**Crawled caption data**
※

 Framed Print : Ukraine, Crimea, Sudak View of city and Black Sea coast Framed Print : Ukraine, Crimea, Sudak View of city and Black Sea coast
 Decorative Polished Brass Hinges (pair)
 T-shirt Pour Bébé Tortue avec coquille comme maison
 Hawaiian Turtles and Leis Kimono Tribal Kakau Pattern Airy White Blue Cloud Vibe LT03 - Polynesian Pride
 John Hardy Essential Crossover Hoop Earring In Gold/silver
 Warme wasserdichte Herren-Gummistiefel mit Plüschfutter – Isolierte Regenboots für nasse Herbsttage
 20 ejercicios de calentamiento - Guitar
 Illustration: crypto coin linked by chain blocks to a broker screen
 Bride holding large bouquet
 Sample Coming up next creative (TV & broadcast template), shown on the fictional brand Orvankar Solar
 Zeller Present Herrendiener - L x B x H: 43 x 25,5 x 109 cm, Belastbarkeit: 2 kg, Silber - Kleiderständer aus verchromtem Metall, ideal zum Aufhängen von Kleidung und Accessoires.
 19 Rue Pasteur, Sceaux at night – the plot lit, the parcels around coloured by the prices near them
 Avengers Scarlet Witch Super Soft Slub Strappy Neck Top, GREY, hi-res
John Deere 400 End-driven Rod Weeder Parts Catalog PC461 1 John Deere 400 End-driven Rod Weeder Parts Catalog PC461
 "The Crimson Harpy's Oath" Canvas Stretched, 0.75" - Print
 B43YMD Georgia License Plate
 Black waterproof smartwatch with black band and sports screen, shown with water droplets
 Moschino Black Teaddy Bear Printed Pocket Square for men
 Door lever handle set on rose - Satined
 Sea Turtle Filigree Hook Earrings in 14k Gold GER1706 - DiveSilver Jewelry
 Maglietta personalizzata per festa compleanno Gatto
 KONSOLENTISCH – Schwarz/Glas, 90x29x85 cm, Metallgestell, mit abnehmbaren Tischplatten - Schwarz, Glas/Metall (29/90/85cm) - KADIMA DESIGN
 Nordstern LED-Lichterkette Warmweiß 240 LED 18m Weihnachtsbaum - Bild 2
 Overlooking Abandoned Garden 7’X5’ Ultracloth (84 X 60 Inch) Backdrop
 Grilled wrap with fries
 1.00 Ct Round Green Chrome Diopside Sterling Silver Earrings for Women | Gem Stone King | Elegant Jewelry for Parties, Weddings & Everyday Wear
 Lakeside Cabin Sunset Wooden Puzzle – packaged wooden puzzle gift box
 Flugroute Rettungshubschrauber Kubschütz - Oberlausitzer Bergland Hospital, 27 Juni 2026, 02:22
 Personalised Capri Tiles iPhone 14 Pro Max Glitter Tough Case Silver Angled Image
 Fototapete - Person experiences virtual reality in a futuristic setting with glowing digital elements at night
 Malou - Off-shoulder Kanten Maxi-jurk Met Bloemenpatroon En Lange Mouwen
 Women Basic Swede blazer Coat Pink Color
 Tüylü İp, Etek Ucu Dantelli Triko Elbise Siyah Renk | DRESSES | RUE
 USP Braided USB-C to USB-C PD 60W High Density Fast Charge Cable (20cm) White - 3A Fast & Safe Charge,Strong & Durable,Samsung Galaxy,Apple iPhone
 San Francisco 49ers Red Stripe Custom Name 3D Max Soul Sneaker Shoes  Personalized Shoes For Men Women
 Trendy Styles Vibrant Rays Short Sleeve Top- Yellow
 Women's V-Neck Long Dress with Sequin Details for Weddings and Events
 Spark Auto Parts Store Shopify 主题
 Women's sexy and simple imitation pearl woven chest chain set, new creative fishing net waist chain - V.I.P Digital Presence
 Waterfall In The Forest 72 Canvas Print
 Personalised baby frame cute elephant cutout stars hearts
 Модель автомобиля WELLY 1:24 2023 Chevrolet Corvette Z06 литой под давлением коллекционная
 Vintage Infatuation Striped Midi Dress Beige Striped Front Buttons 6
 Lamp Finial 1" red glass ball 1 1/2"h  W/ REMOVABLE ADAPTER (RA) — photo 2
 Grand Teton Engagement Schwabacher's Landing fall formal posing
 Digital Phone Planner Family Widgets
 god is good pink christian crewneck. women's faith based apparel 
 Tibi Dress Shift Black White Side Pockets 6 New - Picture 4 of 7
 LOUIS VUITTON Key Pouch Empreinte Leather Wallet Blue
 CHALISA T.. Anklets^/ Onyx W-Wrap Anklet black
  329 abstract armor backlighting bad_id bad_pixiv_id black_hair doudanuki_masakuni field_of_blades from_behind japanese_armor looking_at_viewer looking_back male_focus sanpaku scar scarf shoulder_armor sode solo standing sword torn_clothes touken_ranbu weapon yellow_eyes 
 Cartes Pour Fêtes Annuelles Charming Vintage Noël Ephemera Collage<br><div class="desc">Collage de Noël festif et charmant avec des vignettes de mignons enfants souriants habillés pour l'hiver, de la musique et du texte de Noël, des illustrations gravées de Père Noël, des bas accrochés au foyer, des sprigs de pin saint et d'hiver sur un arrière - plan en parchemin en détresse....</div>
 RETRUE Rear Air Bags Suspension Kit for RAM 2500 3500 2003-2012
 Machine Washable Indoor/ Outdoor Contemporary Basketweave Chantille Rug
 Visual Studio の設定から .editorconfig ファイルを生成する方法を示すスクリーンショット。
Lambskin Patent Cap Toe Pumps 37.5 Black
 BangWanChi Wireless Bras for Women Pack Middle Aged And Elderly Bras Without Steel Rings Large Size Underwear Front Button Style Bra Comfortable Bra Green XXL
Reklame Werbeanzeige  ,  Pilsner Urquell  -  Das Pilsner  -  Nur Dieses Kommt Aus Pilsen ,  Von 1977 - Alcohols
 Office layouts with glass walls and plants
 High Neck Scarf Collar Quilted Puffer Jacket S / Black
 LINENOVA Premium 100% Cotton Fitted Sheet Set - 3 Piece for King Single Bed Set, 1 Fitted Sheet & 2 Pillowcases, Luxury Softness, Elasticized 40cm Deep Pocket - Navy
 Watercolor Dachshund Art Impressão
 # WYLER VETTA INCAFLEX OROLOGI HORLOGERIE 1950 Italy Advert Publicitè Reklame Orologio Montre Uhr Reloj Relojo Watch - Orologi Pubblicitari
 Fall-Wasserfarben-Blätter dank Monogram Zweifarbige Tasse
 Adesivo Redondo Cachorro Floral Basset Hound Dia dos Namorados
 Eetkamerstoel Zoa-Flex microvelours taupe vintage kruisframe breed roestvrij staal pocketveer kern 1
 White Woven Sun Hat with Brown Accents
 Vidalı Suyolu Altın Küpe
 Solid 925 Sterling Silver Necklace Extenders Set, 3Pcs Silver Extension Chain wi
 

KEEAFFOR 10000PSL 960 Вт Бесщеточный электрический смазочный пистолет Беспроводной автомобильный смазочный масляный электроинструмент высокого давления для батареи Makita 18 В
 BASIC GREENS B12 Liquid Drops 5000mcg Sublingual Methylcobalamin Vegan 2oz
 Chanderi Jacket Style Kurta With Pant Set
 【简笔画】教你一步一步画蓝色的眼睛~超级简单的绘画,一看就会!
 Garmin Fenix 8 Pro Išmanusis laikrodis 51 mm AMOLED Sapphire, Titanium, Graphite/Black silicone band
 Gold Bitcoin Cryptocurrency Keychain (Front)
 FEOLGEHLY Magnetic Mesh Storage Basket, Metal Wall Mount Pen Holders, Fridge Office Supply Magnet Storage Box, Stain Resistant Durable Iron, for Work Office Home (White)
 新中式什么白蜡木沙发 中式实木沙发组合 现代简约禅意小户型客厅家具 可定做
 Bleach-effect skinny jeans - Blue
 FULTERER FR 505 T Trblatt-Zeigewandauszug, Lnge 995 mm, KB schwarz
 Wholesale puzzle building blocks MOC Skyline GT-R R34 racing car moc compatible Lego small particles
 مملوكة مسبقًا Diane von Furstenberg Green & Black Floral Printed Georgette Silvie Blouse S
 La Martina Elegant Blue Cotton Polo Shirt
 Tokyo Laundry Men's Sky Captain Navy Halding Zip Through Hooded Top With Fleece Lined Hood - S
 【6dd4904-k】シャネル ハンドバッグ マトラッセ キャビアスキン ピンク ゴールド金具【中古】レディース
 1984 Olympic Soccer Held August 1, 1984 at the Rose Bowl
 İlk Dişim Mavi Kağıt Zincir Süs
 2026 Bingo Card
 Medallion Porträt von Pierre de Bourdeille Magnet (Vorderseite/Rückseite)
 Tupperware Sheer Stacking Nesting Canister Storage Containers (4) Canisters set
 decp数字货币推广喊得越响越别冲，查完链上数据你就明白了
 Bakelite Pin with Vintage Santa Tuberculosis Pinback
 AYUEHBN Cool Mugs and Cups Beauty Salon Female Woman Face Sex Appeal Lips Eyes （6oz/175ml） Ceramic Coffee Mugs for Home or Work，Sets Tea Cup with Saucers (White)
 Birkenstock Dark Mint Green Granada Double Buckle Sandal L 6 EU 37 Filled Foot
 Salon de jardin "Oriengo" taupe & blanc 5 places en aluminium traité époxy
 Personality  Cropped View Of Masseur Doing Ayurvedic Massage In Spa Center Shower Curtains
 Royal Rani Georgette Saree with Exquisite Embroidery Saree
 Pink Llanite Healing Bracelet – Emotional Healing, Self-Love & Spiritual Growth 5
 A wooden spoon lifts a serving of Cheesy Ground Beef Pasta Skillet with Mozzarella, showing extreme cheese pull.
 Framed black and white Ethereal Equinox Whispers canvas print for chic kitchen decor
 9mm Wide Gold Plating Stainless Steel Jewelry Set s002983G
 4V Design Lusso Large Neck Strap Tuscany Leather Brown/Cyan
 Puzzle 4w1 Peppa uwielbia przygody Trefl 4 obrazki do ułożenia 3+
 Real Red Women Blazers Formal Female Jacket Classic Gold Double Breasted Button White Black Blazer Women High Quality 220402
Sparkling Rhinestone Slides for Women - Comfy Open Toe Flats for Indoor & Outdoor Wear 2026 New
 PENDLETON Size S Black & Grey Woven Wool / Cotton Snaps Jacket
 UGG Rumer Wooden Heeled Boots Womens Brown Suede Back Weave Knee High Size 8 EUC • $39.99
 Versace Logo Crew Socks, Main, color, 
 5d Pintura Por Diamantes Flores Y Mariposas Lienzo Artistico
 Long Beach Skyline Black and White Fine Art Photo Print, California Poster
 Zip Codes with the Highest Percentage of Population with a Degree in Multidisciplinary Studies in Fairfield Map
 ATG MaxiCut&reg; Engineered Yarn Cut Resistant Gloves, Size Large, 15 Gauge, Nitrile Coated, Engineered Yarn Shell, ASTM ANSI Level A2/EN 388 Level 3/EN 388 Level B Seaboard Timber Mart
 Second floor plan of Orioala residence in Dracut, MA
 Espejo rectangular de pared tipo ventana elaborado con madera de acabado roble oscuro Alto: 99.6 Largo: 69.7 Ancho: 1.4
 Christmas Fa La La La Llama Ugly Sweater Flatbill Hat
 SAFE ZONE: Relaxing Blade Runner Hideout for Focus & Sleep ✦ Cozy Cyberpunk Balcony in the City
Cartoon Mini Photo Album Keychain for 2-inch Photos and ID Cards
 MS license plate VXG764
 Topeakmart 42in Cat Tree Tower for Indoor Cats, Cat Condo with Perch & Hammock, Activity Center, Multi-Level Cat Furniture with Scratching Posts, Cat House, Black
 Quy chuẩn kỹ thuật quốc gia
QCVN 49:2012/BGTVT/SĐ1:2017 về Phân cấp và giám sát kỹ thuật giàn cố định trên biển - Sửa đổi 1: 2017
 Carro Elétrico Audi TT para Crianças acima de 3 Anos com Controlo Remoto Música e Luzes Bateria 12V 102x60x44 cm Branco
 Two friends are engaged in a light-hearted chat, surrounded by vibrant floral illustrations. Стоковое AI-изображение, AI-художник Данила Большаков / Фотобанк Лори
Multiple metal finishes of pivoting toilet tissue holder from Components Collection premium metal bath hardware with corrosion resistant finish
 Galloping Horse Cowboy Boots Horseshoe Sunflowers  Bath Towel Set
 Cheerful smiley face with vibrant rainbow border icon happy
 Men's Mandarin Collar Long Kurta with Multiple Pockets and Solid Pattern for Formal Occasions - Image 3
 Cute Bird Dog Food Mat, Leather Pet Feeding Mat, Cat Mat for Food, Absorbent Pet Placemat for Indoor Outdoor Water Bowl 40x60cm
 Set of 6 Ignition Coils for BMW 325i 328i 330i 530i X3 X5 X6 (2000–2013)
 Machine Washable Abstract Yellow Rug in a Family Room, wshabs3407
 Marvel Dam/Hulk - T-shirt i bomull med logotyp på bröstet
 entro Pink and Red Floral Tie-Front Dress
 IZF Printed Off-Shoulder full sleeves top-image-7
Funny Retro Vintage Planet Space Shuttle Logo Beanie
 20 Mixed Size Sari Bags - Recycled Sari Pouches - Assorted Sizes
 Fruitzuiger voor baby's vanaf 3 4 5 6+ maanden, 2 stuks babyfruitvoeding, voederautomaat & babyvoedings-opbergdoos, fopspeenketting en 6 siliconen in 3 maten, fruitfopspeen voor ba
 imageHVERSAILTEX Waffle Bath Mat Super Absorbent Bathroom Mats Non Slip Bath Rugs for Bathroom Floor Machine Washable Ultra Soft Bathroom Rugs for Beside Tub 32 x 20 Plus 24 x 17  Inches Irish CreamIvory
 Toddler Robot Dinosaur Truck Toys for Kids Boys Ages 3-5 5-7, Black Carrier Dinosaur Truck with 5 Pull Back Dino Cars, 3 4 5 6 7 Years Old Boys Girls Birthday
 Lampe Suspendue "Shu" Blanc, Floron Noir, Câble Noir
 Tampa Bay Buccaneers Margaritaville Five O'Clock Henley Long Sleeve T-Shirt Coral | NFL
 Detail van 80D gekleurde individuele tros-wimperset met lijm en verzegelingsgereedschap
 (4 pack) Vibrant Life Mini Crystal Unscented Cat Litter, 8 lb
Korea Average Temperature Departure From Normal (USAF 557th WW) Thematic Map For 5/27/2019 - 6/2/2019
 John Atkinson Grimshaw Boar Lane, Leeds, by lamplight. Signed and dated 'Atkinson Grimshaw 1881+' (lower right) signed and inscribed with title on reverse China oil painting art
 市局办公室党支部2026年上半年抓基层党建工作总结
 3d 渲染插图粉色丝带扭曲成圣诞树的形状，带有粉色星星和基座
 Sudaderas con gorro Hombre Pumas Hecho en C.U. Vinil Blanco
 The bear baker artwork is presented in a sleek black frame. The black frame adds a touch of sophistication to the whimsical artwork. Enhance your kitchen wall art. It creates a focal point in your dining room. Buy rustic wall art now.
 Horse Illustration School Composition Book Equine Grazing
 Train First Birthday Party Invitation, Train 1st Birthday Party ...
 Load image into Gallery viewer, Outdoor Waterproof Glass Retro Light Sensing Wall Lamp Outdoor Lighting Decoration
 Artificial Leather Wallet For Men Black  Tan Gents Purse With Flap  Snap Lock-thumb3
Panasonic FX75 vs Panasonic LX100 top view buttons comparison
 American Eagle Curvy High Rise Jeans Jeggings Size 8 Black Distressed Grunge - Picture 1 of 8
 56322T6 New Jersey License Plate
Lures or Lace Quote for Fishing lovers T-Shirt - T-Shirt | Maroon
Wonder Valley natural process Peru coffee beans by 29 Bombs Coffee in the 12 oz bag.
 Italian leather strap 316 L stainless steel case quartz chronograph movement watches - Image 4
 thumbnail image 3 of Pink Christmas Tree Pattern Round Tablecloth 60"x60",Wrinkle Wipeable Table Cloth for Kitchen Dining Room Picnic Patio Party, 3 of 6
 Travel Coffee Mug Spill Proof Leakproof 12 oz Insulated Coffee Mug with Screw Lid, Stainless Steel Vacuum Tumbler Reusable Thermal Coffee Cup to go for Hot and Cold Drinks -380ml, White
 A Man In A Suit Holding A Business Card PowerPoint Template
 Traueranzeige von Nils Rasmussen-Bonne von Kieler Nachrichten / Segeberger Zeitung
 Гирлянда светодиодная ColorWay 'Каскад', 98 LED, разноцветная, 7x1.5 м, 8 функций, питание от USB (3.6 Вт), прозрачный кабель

※

**PROBLEM TO WORK ON**
Only the lines above starting with the one with "entro Pink and Red Floral Tie-Front Dress" and going through the one with "Sudaderas con gorro" are to be copied, word for word and with both ends kept.

**EXERCISE SOLUTION**
 entro Pink and Red Floral Tie-Front Dress
 IZF Printed Off-Shoulder full sleeves top-image-7
Funny Retro Vintage Planet Space Shuttle Logo Beanie
 20 Mixed Size Sari Bags - Recycled Sari Pouches - Assorted Sizes
 Fruitzuiger voor baby's vanaf 3 4 5 6+ maanden, 2 stuks babyfruitvoeding, voederautomaat & babyvoedings-opbergdoos, fopspeenketting en 6 siliconen in 3 maten, fruitfopspeen voor ba
 imageHVERSAILTEX Waffle Bath Mat Super Absorbent Bathroom Mats Non Slip Bath Rugs for Bathroom Floor Machine Washable Ultra Soft Bathroom Rugs for Beside Tub 32 x 20 Plus 24 x 17  Inches Irish CreamIvory
 Toddler Robot Dinosaur Truck Toys for Kids Boys Ages 3-5 5-7, Black Carrier Dinosaur Truck with 5 Pull Back Dino Cars, 3 4 5 6 7 Years Old Boys Girls Birthday
 Lampe Suspendue "Shu" Blanc, Floron Noir, Câble Noir
 Tampa Bay Buccaneers Margaritaville Five O'Clock Henley Long Sleeve T-Shirt Coral | NFL
 Detail van 80D gekleurde individuele tros-wimperset met lijm en verzegelingsgereedschap
 (4 pack) Vibrant Life Mini Crystal Unscented Cat Litter, 8 lb
Korea Average Temperature Departure From Normal (USAF 557th WW) Thematic Map For 5/27/2019 - 6/2/2019
 John Atkinson Grimshaw Boar Lane, Leeds, by lamplight. Signed and dated 'Atkinson Grimshaw 1881+' (lower right) signed and inscribed with title on reverse China oil painting art
 市局办公室党支部2026年上半年抓基层党建工作总结
 3d 渲染插图粉色丝带扭曲成圣诞树的形状，带有粉色星星和基座
 Sudaderas con gorro Hombre Pumas Hecho en C.U. Vinil Blanco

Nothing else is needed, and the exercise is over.